Mas tudo isso mudou. O declínio do interesse dos consumidores em geral por Jerez foi acentuado. As vinhas que nem sequer deveriam ter sido plantadas foram arrancadas e um dos fatores económicos que ajudam as grandes ‘bodegas’ a manterem-se à tona é a procura da indústria do whisky por barricas de Jerez (essas pipas não são geralmente as utilizadas na produção de Jerez, que são reaproveitadas por muitas décadas, mas são feitas especialmente para os homens do whisky). Para o Vinho do Porto, a França manteve a procura por vinhos mais baratos (constituem o maior mercado de exportação), enquanto para a maioria dos outros destinos de exportação a procura é sazonal, com a maioria das vendas a verificarem-se no Natal. Como resultado, há muita preocupação e angústia nas salas de reuniões dos produtores de vinho do Porto e Jerez: o que reserva o futuro?
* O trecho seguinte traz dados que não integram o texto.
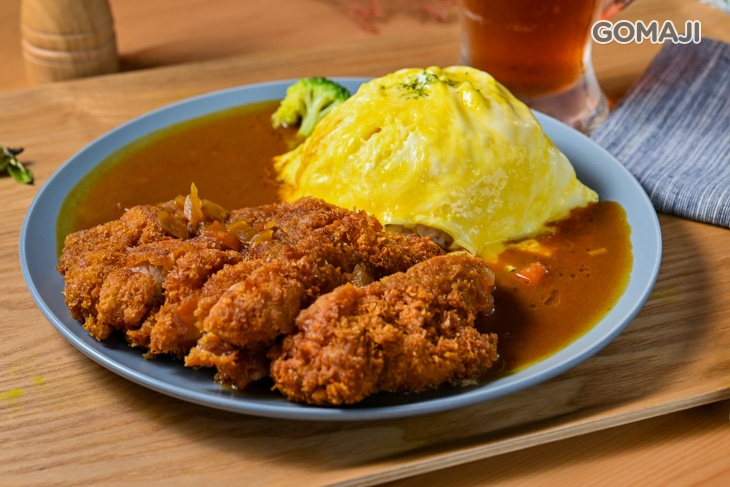 歲食職人雞排咖哩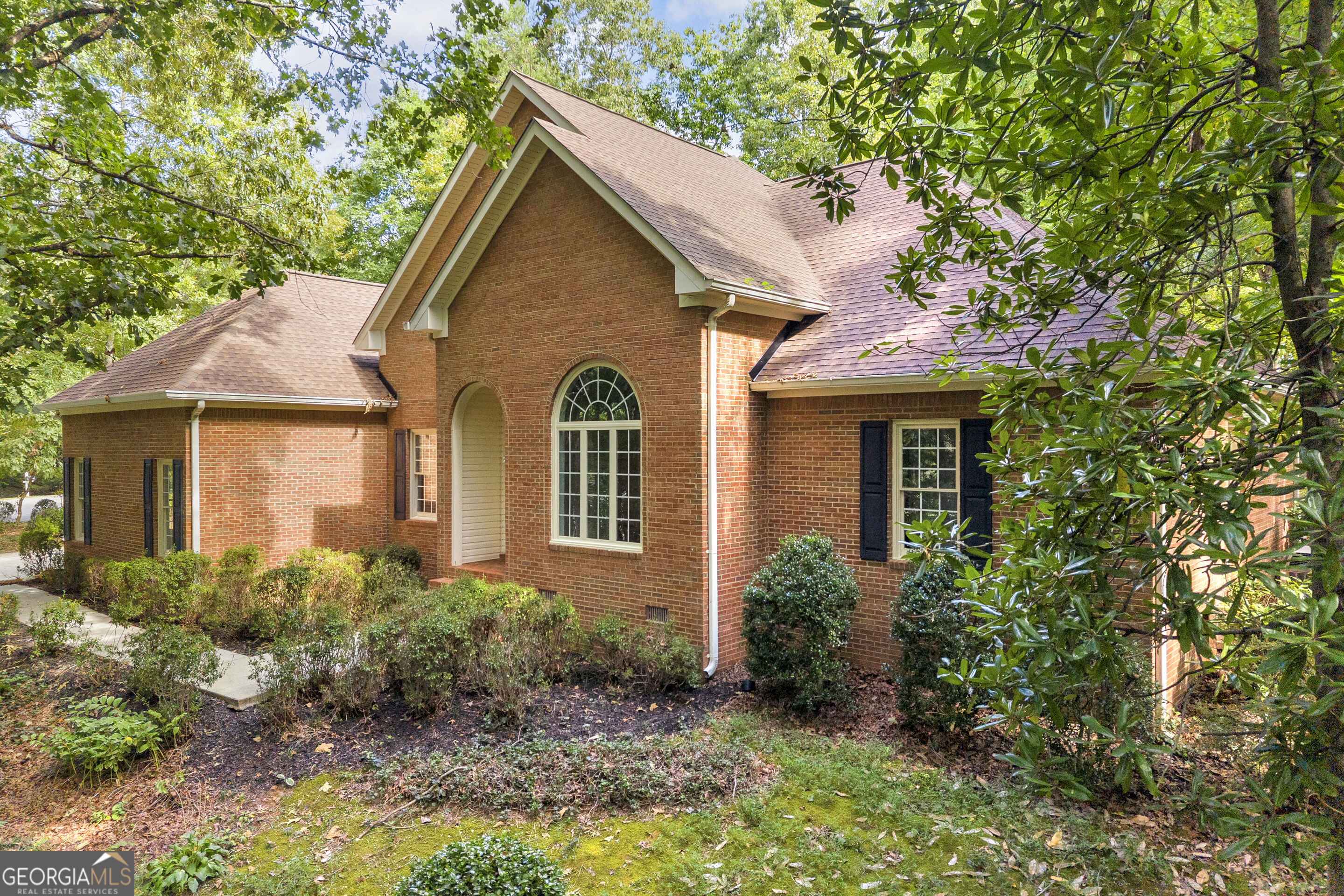 122 Grand Oaks Drive Property Photo 1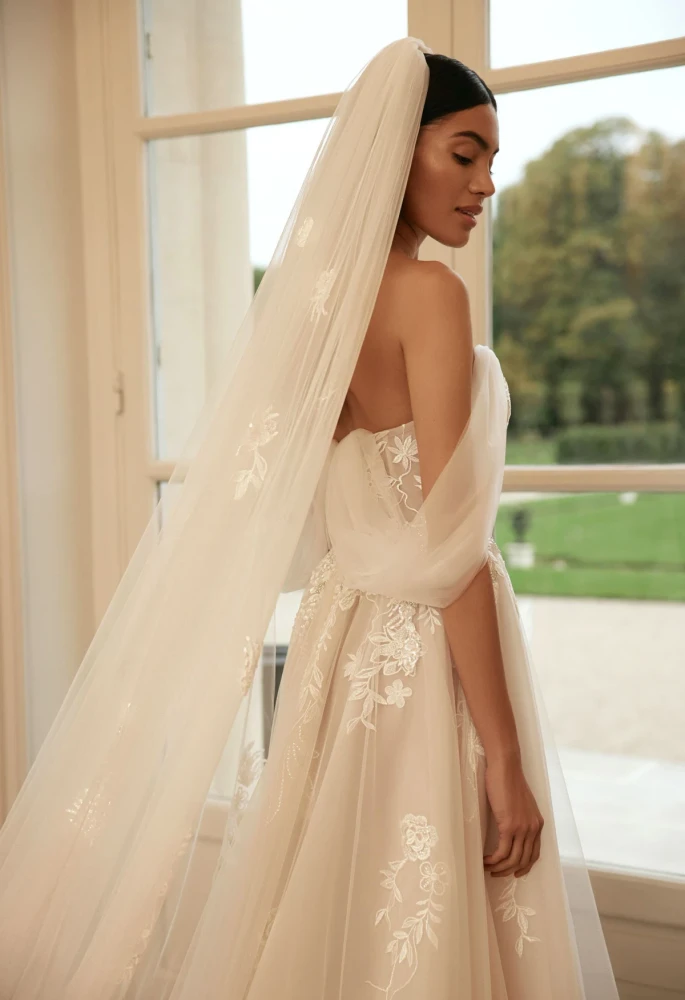 Sansiera Wedding Gown By Ida- Torez By Pollardi Bridal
O problema é que esses vinhos fortificados não funcionam no mundo moderno como bebidas para o mercado de massas. Não há necessidade de fortificação para preservar os vinhos para sobreviver às longas viagens por mar: por isso, o momento atual prende-se com o facto de esses vinhos fortificados tradicionais serem, na verdade, vinhos de qualidade alucinante quando elaborados com cuidado. O custo de produção é elevado e, por isso, os vinhos não devem ser baratos. Se olharmos para as vinhas do Douro, por exemplo, constatamos que a região nunca deverá ser um local para fazer vinhos baratos de supermercado, fortificados ou não. E, considerando o trabalho de adega necessário para fazer um Jerez Fino, por exemplo, é uma loucura que estes vinhos sejam vendidos por apenas alguns euros.
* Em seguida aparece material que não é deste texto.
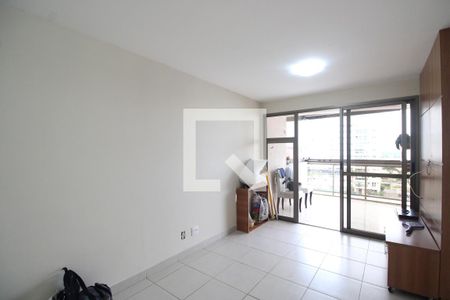 Sala de apartamento para alugar com 3 quartos, 87m² em Barra Olímpica, Rio de Janeiro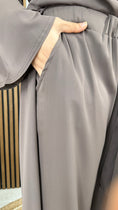 Carica l'immagine nel visualizzatore della galleria, Twin con Pantalone ,  Talpa, Hijab Paradise , abaya lunga , due pezzi, pantalone, tunica con spacco laterale 
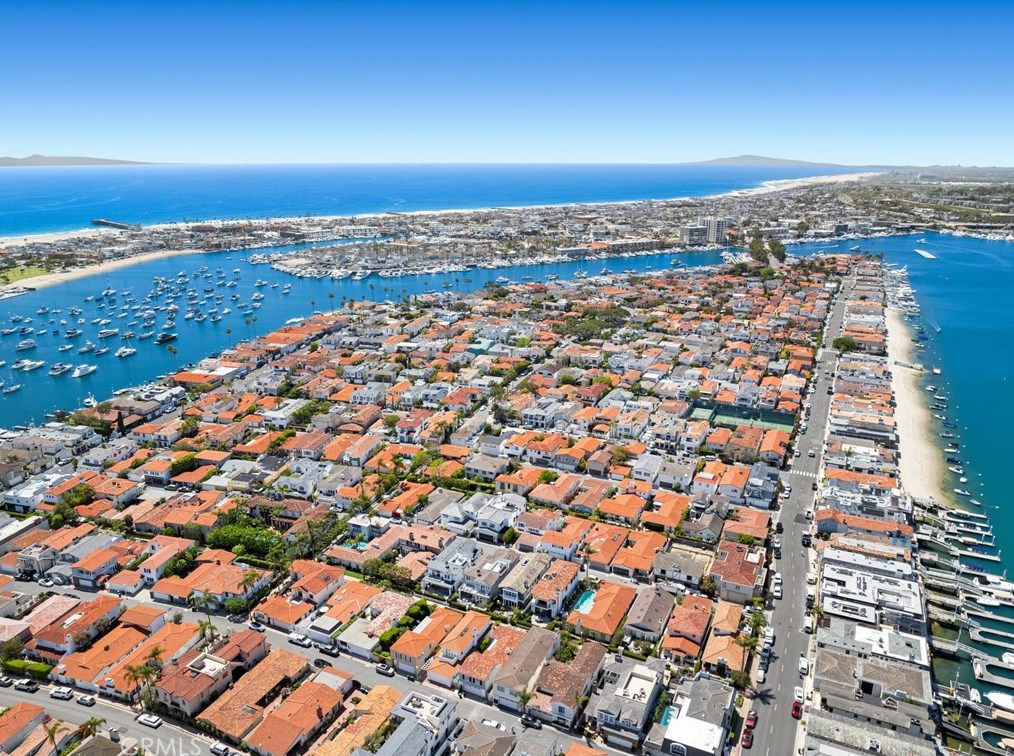 214 Via Mentone, Newport Beach CA  92663-4919 exterior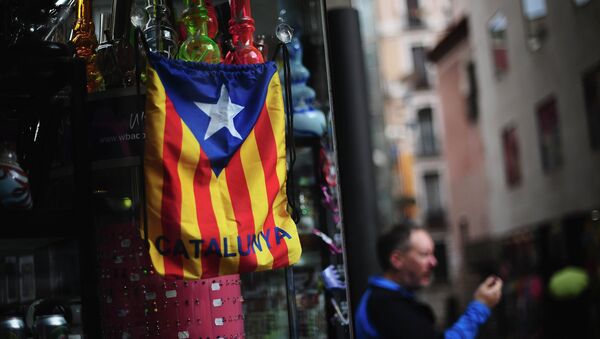 Saco de colores de bandera catalana independentista en Barcelona - Sputnik Mundo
Em vez disso, as regiões com produções significativas de vinhos fortificados deveriam reposicionar a oferta como super-premium: vinhos especiais que requerem bons preços. Alguns estão a ter sucesso nesse movimento. Um negócio que depende de uma grande plataforma de vinho fortificado barato não terá sucesso, porque esses vinhos não são sustentáveis - tanto física quanto financeiramente. E o segmento barato do mercado tira um pouco do glamour e exclusividade dos produtos sofisticados. O reposicionamento da oferta tanto no Porto como no Sherry, onde há grandes quantidades de vinho envolvidas, terá que ser feito com cuidado e levará algum tempo - mas é fulcral que essa transição ocorra. Os vinhos fortificados têm um grande futuro, mas como vinhos superiores - não baratos.